Der neue 2014 fertiggestellte Baukörper ist so konzipiert, dass er sich in Höhe, Gliederung und Proportion harmonisch in die umgebende Parklandschaft mit dem ehemaligen Sanatorium – dem heutigem Kindergarten – und der neuen Kinderkrippe einfügt. Er ist an der nordöstlichen Grundgrenze positioniert und bildet mit den Bestandgebäuden einen vielfältigen nutzbaren Spielhof. Die Erschließung erfolgt über einen Fußweg von der Schönbrunngasse aus, der zum Vorplatz und Eingangsniveau der Schule sowie zum Eingang des Kindergartens führt, in dem auch die Mittagsbetreuung stattfindet.

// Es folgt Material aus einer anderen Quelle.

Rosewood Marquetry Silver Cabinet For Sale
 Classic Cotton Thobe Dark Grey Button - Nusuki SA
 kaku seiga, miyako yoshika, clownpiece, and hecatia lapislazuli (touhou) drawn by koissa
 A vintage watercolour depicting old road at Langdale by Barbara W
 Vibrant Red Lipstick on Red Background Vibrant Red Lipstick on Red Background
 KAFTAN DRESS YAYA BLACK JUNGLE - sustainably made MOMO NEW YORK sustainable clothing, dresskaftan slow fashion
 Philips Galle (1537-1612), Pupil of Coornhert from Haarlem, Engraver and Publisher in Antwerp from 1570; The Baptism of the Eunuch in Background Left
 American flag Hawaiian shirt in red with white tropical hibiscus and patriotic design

Das dreigeschoßige Volumen ist so ins Gelände eingefügt, dass es optisch zweigeschoßig wirkt. Der Eingang liegt an der Nordwestecke des Gebäudes auf dessen oberster Ebene. Vom überdeckten Eingangsbereich gelangen auch externe Nutzer witterungsgeschützt zum Turnsaal auf der untersten Ebene. Eine Hülle aus sägerauen Lärchenholzlamellen umschließt das Gebäude allseitig, wobei sie vor Aufenthaltsbereichen durch Aufweitung des Lamellenabstands transparent ausgeführt ist. Auf Eingangsniveau befinden sich Foyer, Direktion, Medien- und Musikraum sowie ein Cluster; auf der Ebene darunter wieder ein Cluster und die Zentralgarderobe. Die Sonderunterrichtsräume im untersten Niveau sind gegenüber der Hauptfassade zurückversetzt, sodass nicht nur die optische Anbindung an den Außenraum gewährleistet ist, sondern auch eine überdeckte Freiklasse und Sitzstufen zur Spielwiese hin realisiert werden konnten.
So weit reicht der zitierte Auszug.